What is Speech Assessment and Why it Matters

by Qiusi, Product Manager of SpeechSuper 

What is Speech Assessment

Speech assessment is the process of giving algorithm-based corrective feedback for speaking activities in language learning. It's also sometimes called pronunciation assessment.

  • Speech Assessment 101

Speech assessment is largely based on the "Goodness of Pronunciation" (GoP) algorithm developed over 20 years. While automatic speech recognition (ASR) aims to decode the best possible option of acoustic model and language model combined derived from data in a specified language, GoP only cares about the acoustic model with the language model pre-defined, hence producing an acoustic likeliness score measuring “how similar a speech sounds like compared to native speakers of a particular language”, which, in short, is pronunciation.

Simply put, for speech assessment, the input is speech audio + reference text, and the output is a score of pronunciation.  

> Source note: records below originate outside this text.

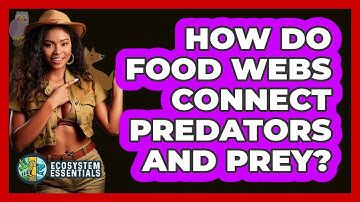 How Do Food Webs Connect Predators And Prey? - Ecosystem Essentials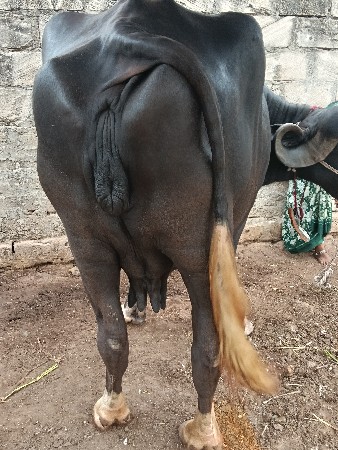 આ ભેંસ વેચવાની છે
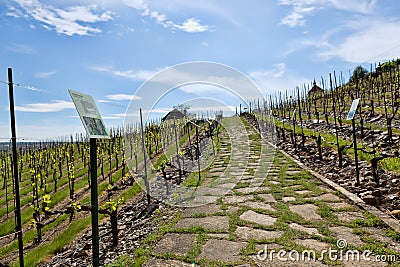 Young vineyard has planted in parallel rows at hilly Stock Photo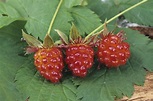 What Are Salmonberries, and How Are They Used?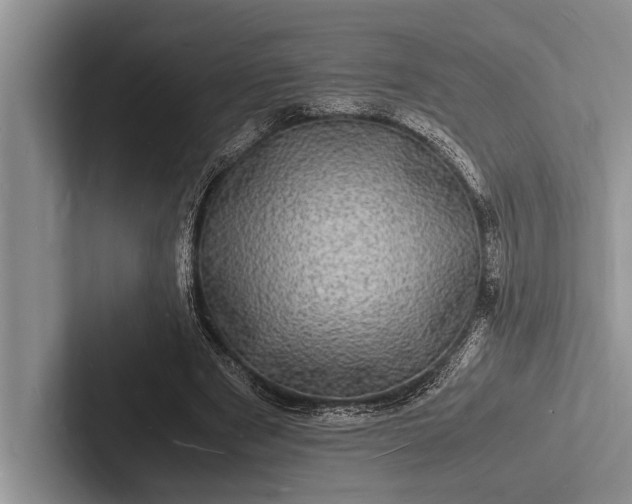 X0000103250489200809111618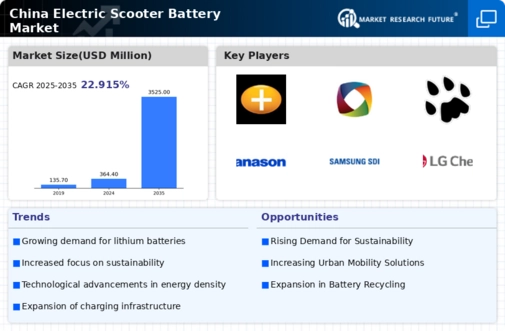 China Electric Scooter Battery Market Infographic
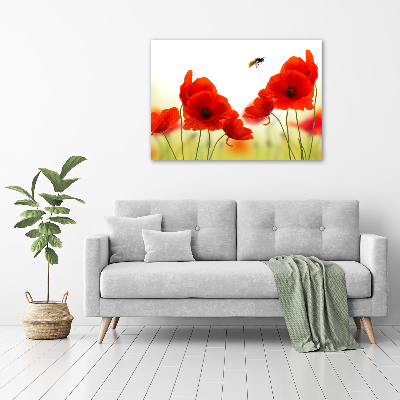 Foto schilderij op glas Klaprozen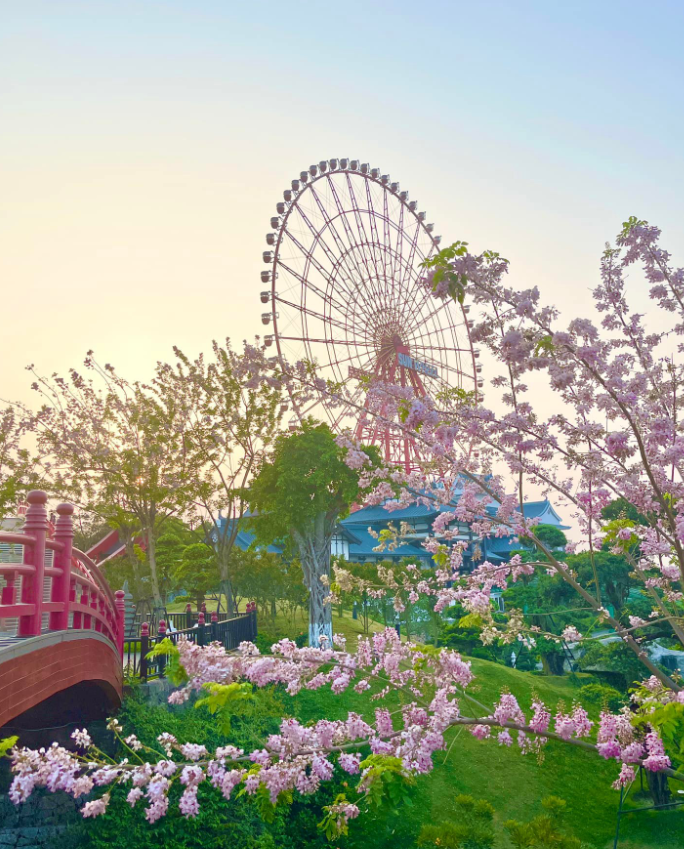 浪漫錦鯉橋
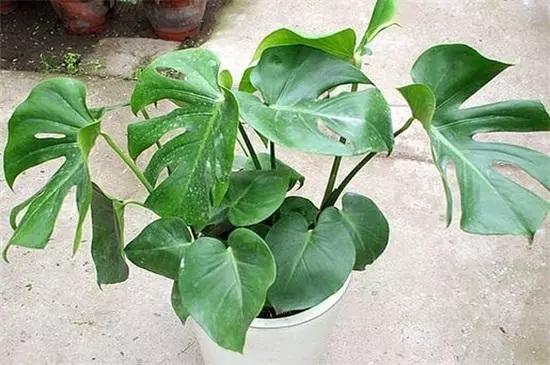 室内放什么植物净化空气最好，十大强力净化空气的植物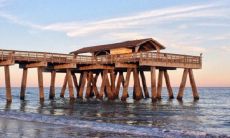 鸭脚木种在家里禁忌 放哪里招财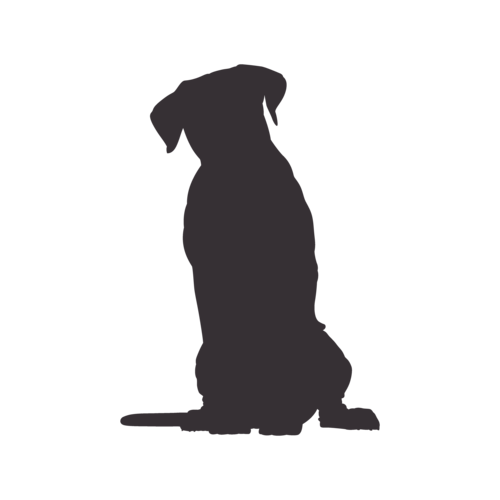 Silhouette di cane Cane Corso seduto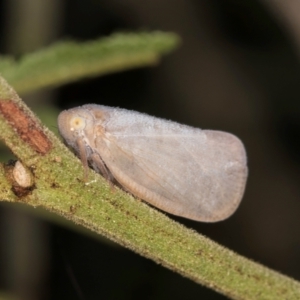 Anzora unicolor at Evatt, ACT - 9 Jan 2024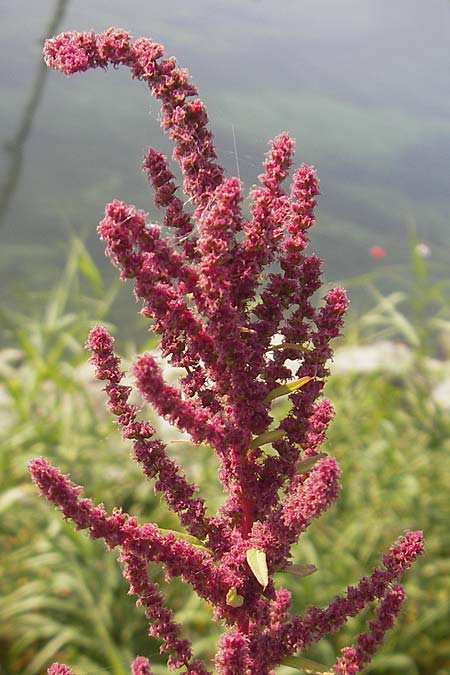 Amaranthus rudis \ Wasserhanf / Water Hemp, D Mannheim 25.9.2011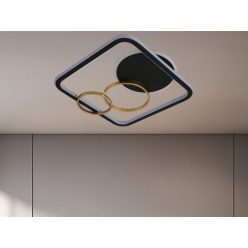   LED dizájn mennyezeti lámpa 70W, 500x450x68 mm, 3000K-6500K, IP20 - TB1305/BG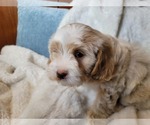 Small #7 Lhasa Apso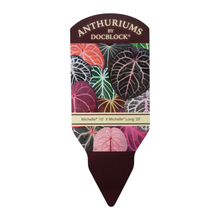 DocBlock Anthurium Michelle® '10' X Minerva® '20' *1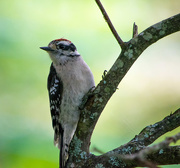 15th Jul 2017 - Downy Woodpecker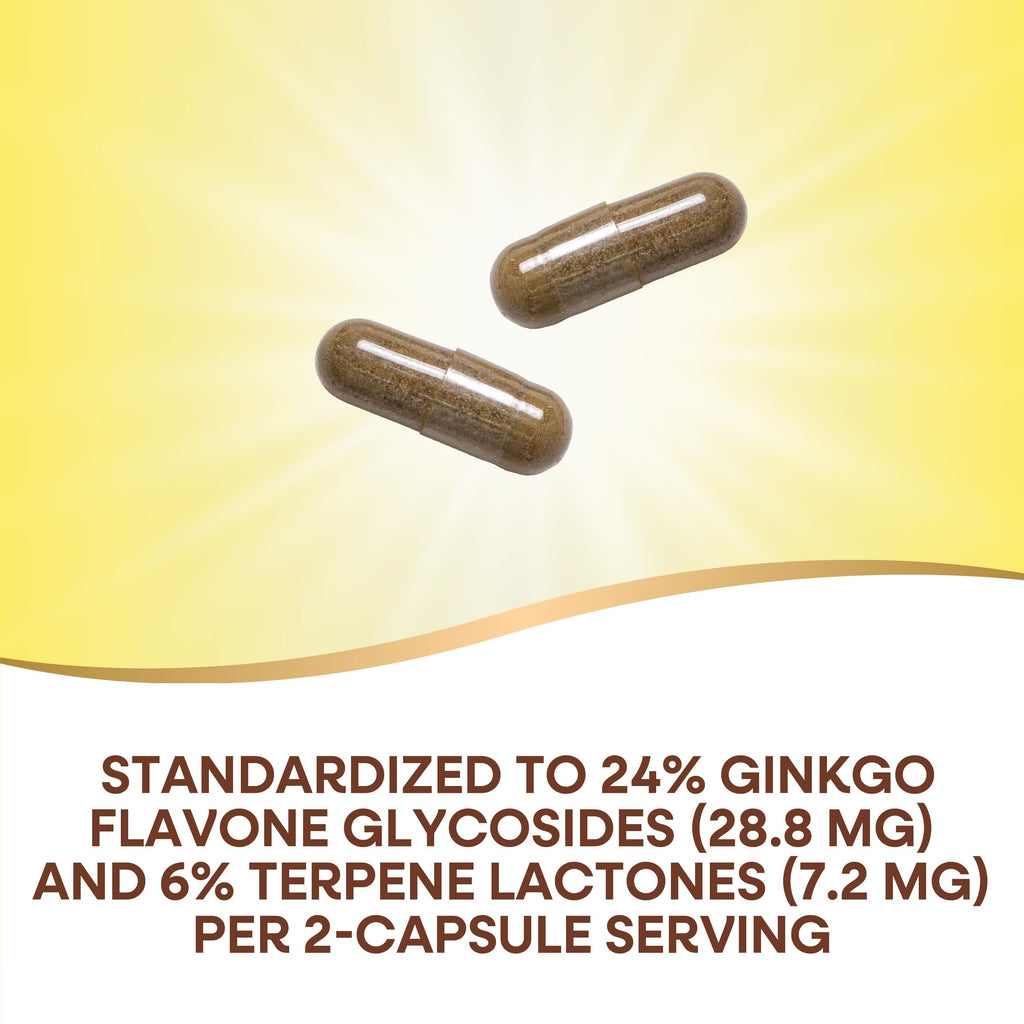 Nature's Way Ginkgo Premium Extract – Memory & Concentration, 120 Capsules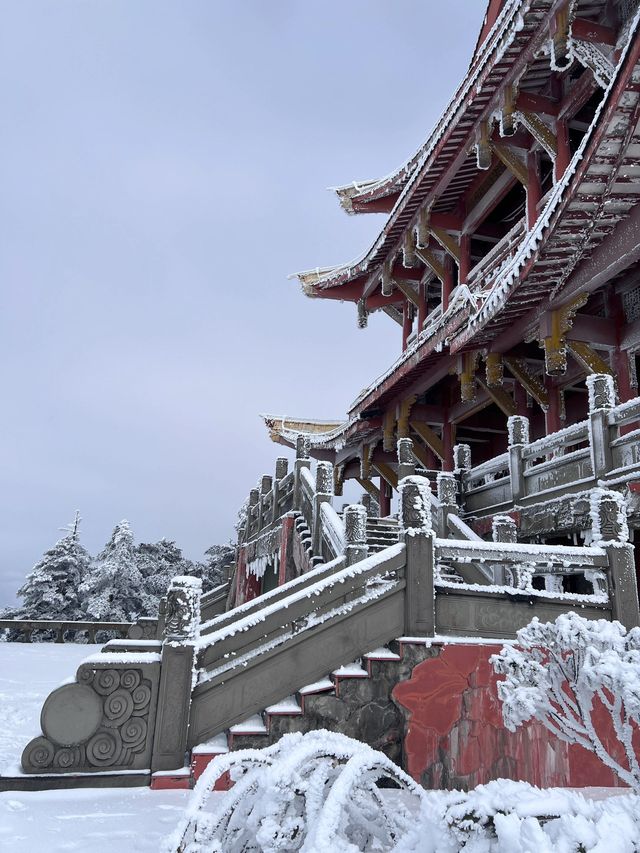 2日暢遊青城山-都江堰景區 不看你就虧大了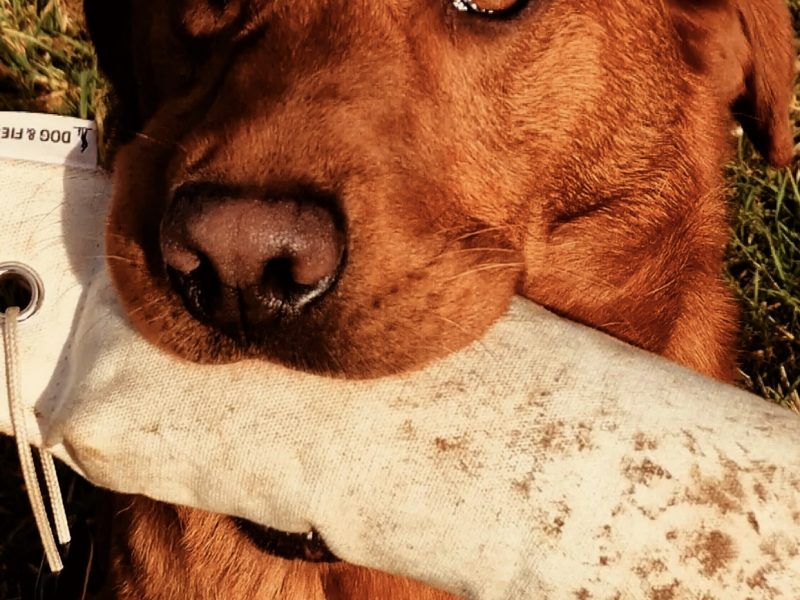 Ftch sired, fully trained kc fox red Labrador stud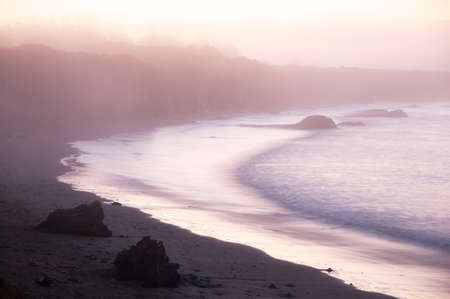 California Mistの写真素材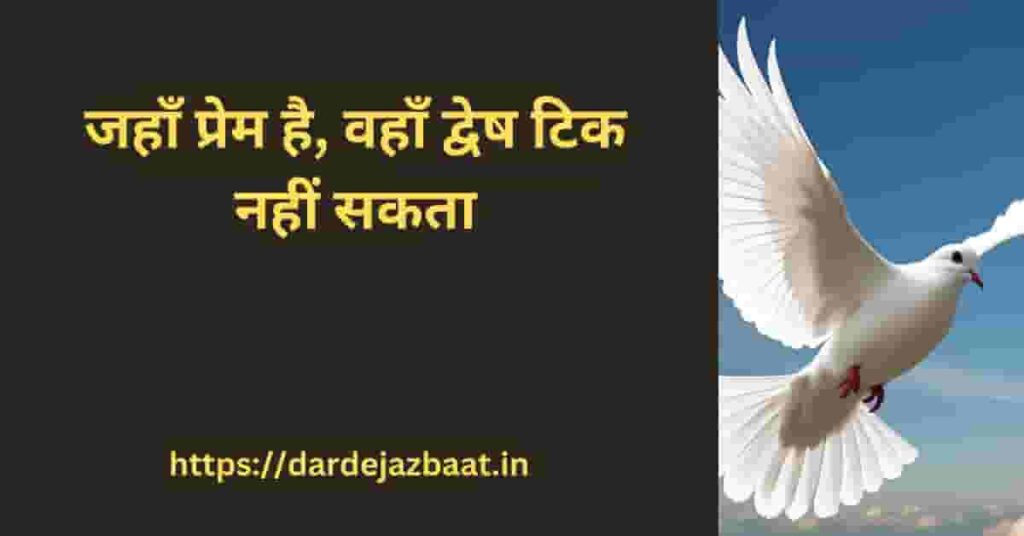 Antarrashtriya Shanti Diwasएकता और सह-अस्तित्व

  • Evolution of Speech Assessment

Over the past decades, the GoP algorithm has been evolving, having more features under the belt. Meanwhile, the acoustic model gains tremendous development thanks to deep learning techniques. It now supports speech assessment of various granularities, from phone, syllable, to sentence and paragraph. The feedback consists of plenty of segmental and suprasegmental aspects of speech production, for instance, phoneme mispronunciation, fluency, pause, rhythm, tone, linking, etc. Given massive training data, we could also assess various language aspects like vocabulary, grammatical errors, cohesion, coherence, relevance, etc. Almost all linguistic aspects that you can imagine could be analyzed from a continuous speech.  

Why it Matters

  • Language learning is ineffective without speaking activities.

Sufficient speaking activities are crucial in language learning. 

As an introverted English learner myself since 5 years old, I sincerely hoped that today's various speaking activities in language learning apps could help me out back in my childhood because I felt awkward speaking and practicing English in front of people. Without enough speaking practice in my critical period, speaking is the weakest among my four foundation language skills.

  • Language learners learn from feedback.

Speech assessment offers an eclectic range of feedback that language learners can learn from. 

Learners may be negatively influenced by their native language when learning a new language. Feedback is highly useful. I'm a native speaker of Mandarin Chinese, a syllable-timed language. English is my L2 language, a stress-timed one. Hence, I had a hard time laying stress within words and between words in reading aloud activities. With proper stress feedback, I corrected myself gradually to a proper rhythm. Stress detection is a feature that SpeechSuper APIs offer. Try our demo here

  • Speech assessment improves conversion and retention.

Successful language learning services leverage speaking assessment to engage users and stand out from competitors, like Rosetta Stone, Elsa, Duolingo, and so on. 

According to Elsa, with speaking activities and feedback, the conversion rate from free users to paid users would be 3 times as before. Besides, the user engagement will boost to 8 times with the average user session time being 23 minutes.  


Speaking activities are crucial and speaking assessment holds its value in the global trend of online learning. 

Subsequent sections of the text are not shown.